That doesn't address anything in the second half of the post though, starting with this pull quote:
> The fact that NULLs are distinct for UNIQUE columns but are indistinct for SELECT DISTINCT and UNION continues to be puzzling. It seems that NULLs should be either distinct everywhere or nowhere. And the SQL standards documents suggest that NULLs should be distinct everywhere. Yet as of this writing, no SQL engine tested treats NULLs as distinct in a SELECT DISTINCT statement or in a UNION.
This is confusing when you know that NULLs are not comparable, but it makes some sense if you consider the result of distinct/union as the output of a GROUP BY. You can consider everything that's NULL to be part of the same group, all the values are unknown.
So NULLs are not comparable but they are part of the same set.
It doesn't treat them as equal, it treats them as one group. It does this because the result is more useful.

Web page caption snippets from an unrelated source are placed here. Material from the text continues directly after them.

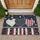 Patriotic Hearts American Flag Stars - Independence Day Gift for Veterans Doormat - 1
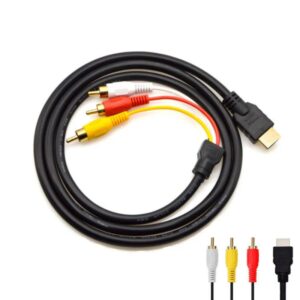 Кабель HDTV TO 3RCA 1.5м (в пакете)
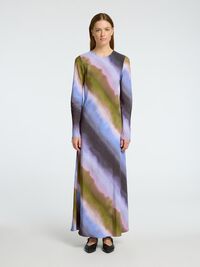 PRINT MAXIKLEID, Cornflower Blue, highres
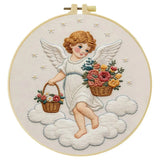 Floral Angel Embroidery Kit Kits For Stitchers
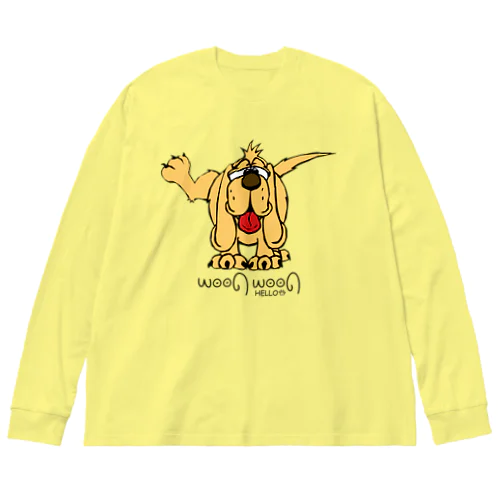 WOOF WOOF ビッグシルエットロングスリーブTシャツ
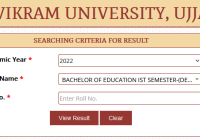 Vikram University B.Ed 1st & 3rd Sem Result 2024 Vikram University BEd Result Date Download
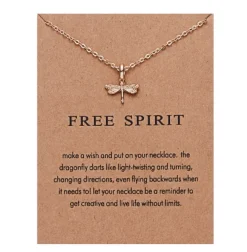 Inspirational Carded Gift Necklaces for Girls
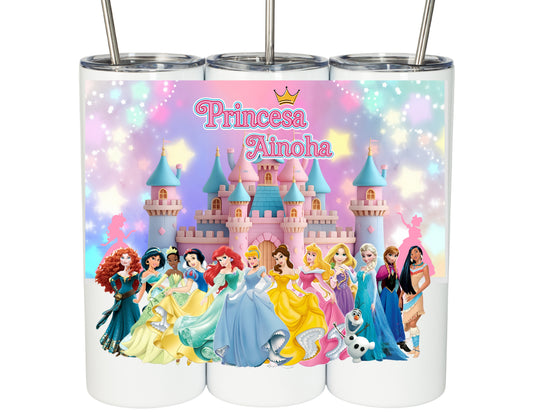 Termos 20 oz personalizados Princesas   01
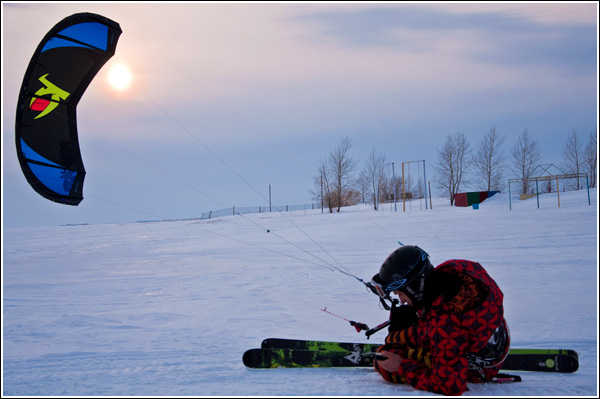 Snowkiting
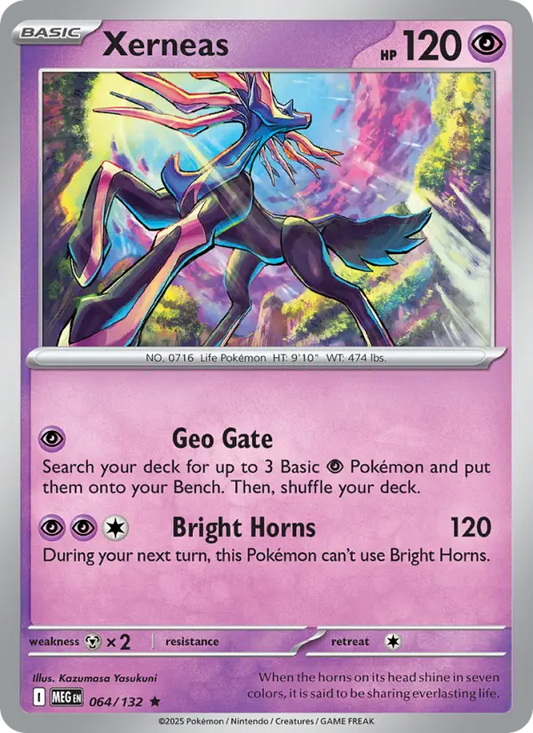 Xerneas 64 Mega Evolution Pokesingles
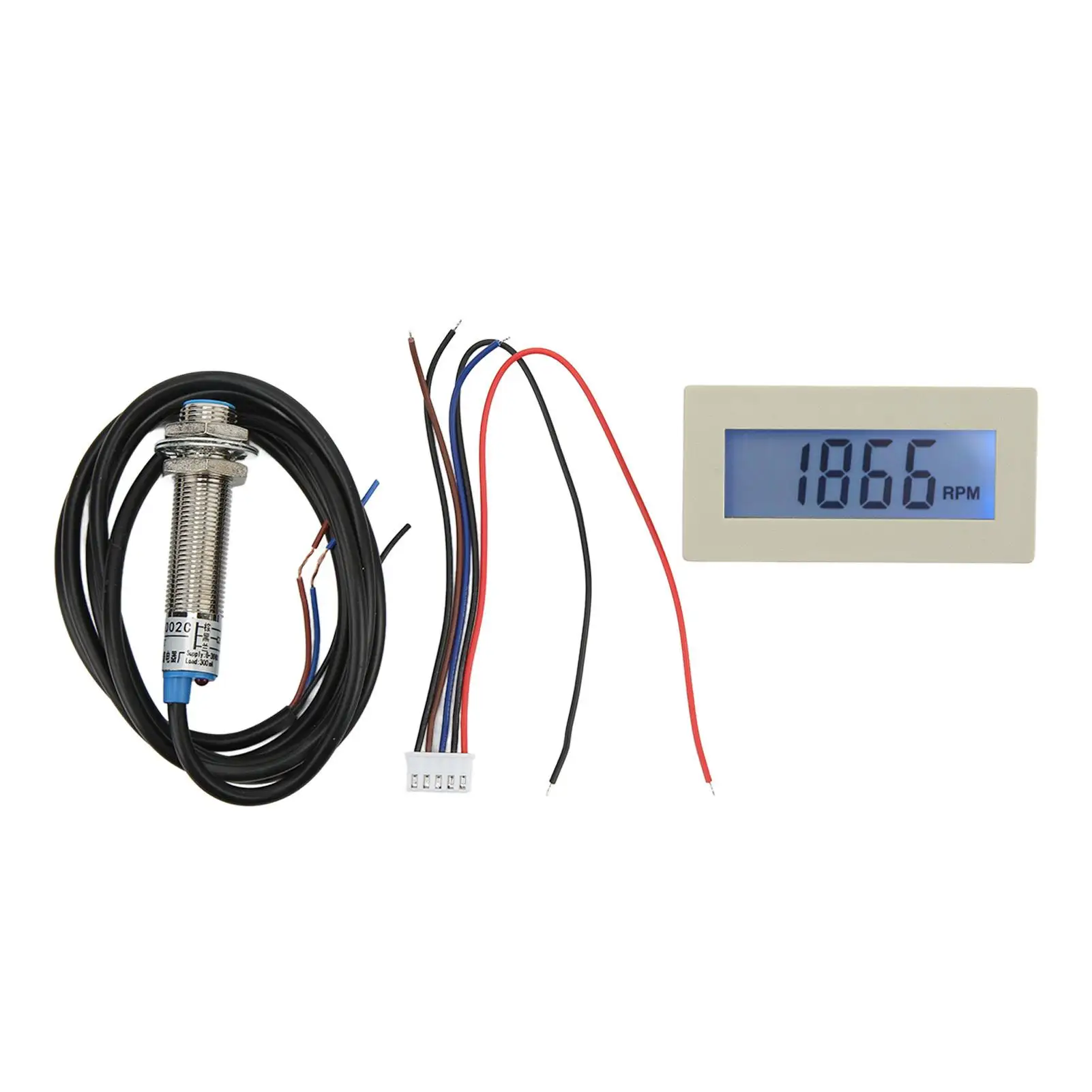 DC 8-24V Motor Tachometer Gauge - Accurate LCD Display, Anti-Interference, Professional Measurement Tool
DC 8-24V Motor Tachometer Gauge - Accurate LCD Display, Anti-Interference, Professional Measurement Tool
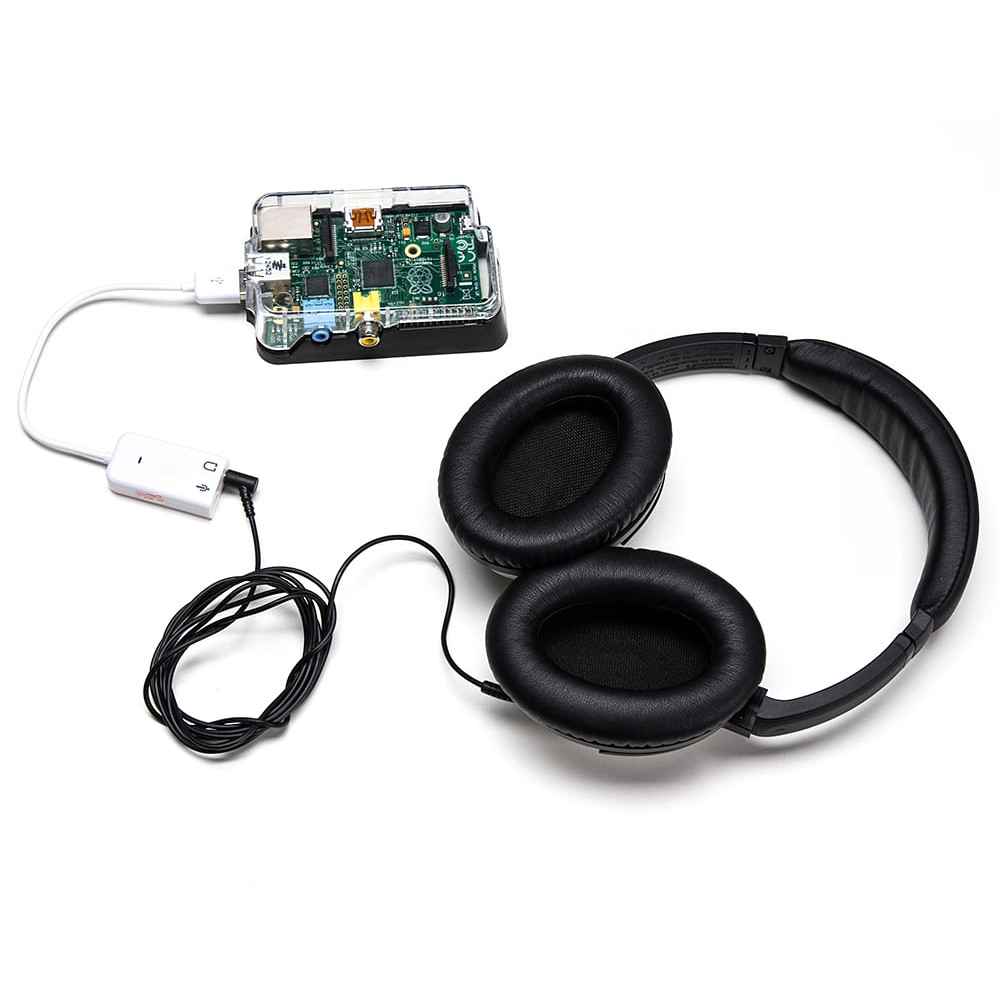 USB Audio Adapter - For Raspberry Pi 5 & Pi 4 - Plug & Play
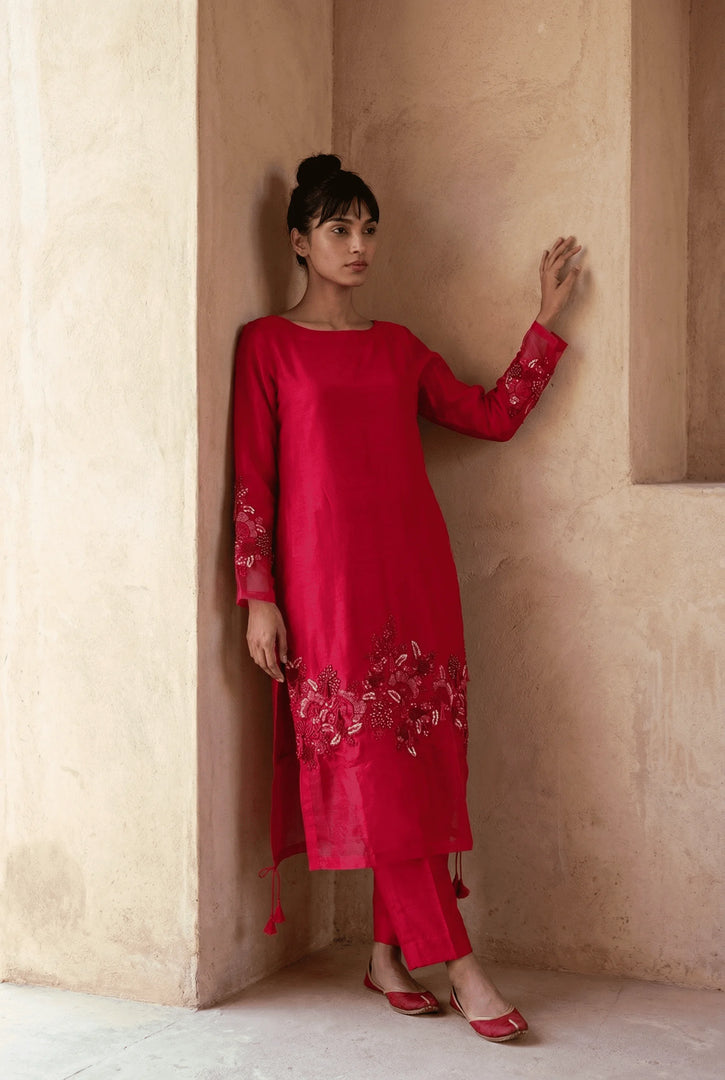 Straight Kurta with Pants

It is not the case that nulls are always the same as one another. It is also not the case that nulls are always distinct from each other. Thus, the normal rule of grouping, that same values are combined and distinct values make different groups, does not apply. Another principle is needed to determine the result of grouping with nulls.
Logic which allows for an unknown value can't be shoehorned into always giving definite true or false answers.

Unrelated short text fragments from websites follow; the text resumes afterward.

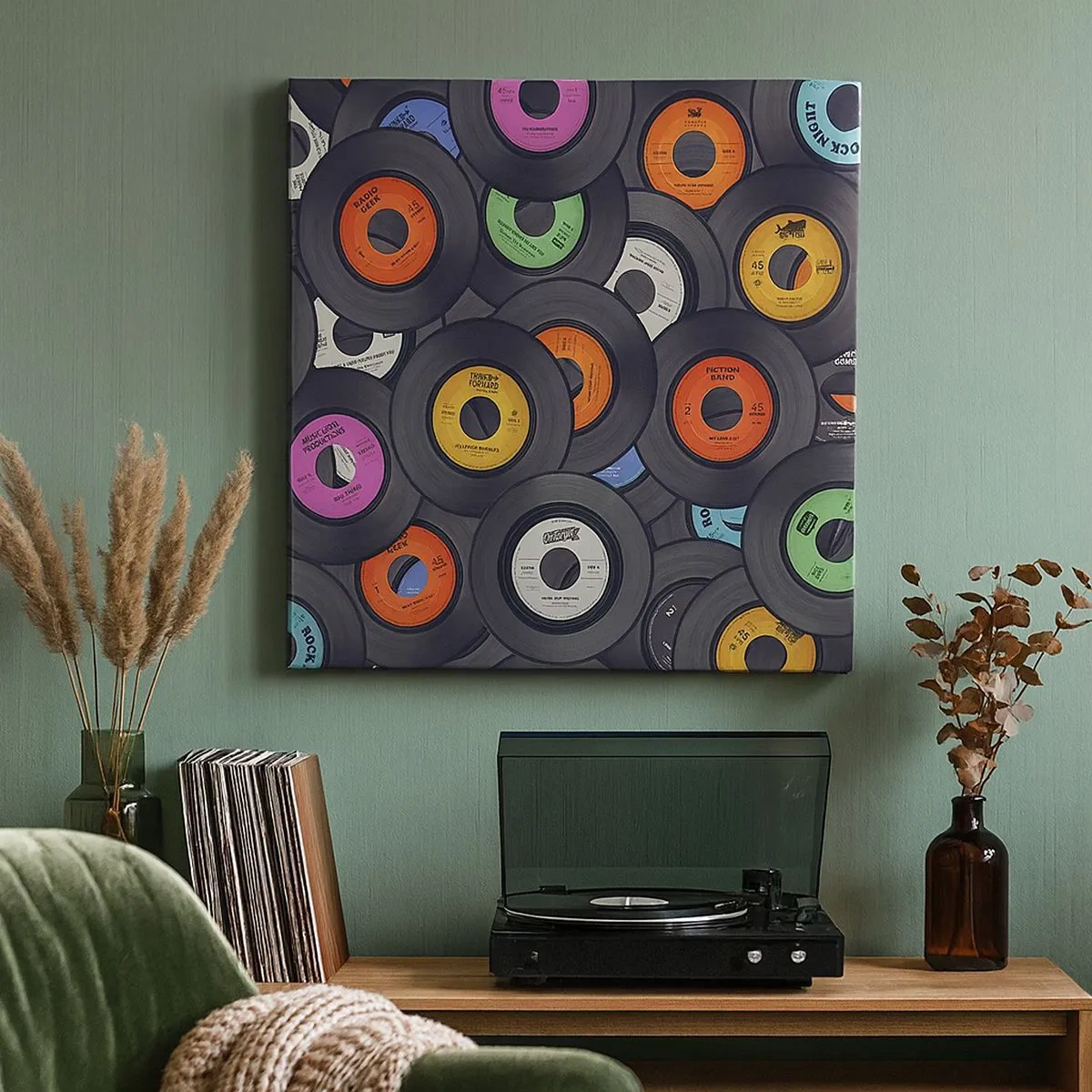 Cuadro sobre lienzo - Impresión de Imagen - Colores de los clásicos - 30x30 cm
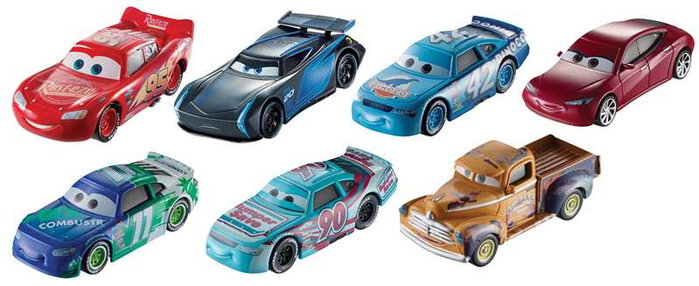 Mattel - Voitures Miniatures Cars 3 - Modèles Assortis - Échelle 1:55 - Jouet pour Enfants à Partir de 3 Ans - Produit en Espagnol/Portugais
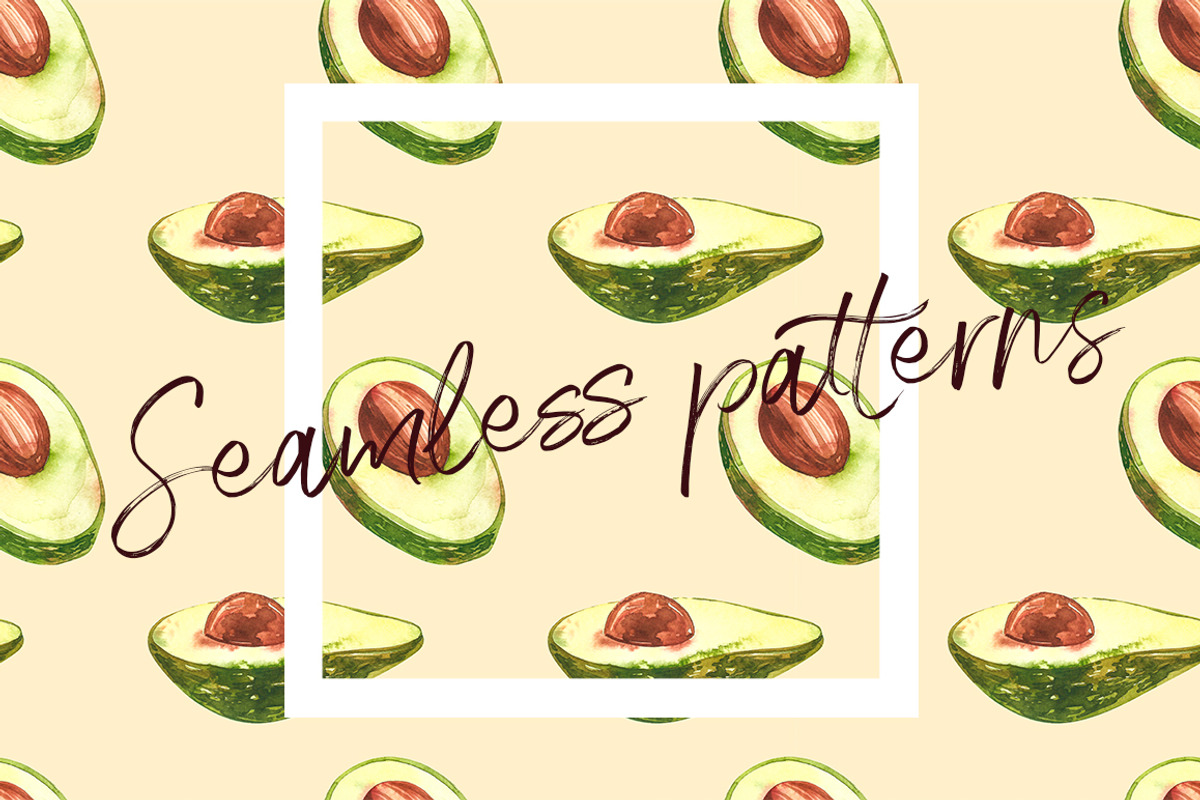 Avocado in botanical style, a Food Illustration by Ann Astro (Photo 7 of 13)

I believe this confusion is confusing the tool with the thing being measured. For simplicity, I will use the analogy of a record (stored as a row in the database) as an observation in a scientific experiment. If the tool was able to record a value, I enter a value like 579.13. If the tool was not able to record a value, the tool will enter NULL. I make a total of one hundred observations. Of one hundred rows, some have values and some are NULL.
Are NULLs distinct values? No, they are simply a failure in measurement; it is like asking if all errors are distinct or the same. Are NULLS part of the same dataset? Yes, because they are all observations for the same scientific experiment. What does it mean when "select distinct ... " returns several rows for known/measurable values and but only one row for NULL? If this is confusing, the scientist can update the rows and substitute "UNKNOWN/ERROR" for every NULL. When you do "select distinct ...", you will get the same thing. It will return several rows for known/measurable values and but only one row for "UNKNOWN/ERROR".
This is where the foundation of a relational database semantics in set theory shows through. You can’t model the behaviour with pure boolean logic.
In the SQL spec by default unique indexes consider nulls distinct because you’re adding tuple to the relation, and this is done by equality.
When doing a select distinct or group by you’re not doing a boolean grouping, you’re doing a set projection. NULLs are considered part of the set of “unknown values”, so NULLs are grouped together but they’re still not equal to each other.
The behaviour is mathematically well defined, but it doesn’t match boolean logic.
I’ve been dealing with databases for well over 20 years now and I can only think of a couple of times when this behaviour wasn’t wanted, so I think it’s the right choice.
That's because "different" and "distinct" don't mean the same thing.
Two unknown values are assumed to be different, but they are not distinct from each other.
For example, take two boxes, in each box is a die, the value of the box is the value shown on the die inside. You don't know the value since you don't see the die, it may even change as you manipulate the box, so it is unknown, NULL in SQL. Because of that, you assume the two boxes have different values. They are, however, indistinguable, so, not distinct. All you need to know is that you hold two boxes with dices in it, which one you hold doesn't matter, and that's what "SELECT DISTINCT" tells you: that you have two boxes and it doesn't matter which is which, even though they have different values.
>That's because "different" and "distinct" don't mean the same thing.
The literal definition distinct is:
>recognizably different in nature from something else of a similar type.
If you want to get down to it nothing is "equal" or the same.
Is a temperature measurement 25C the same as another of 25C? No these measurements are an approximation of the actual values which are actually not equal to each other they are distinct they have just been lumped into the same 25C group due to the resolution of measurement yet equality works just fine on that value in sql.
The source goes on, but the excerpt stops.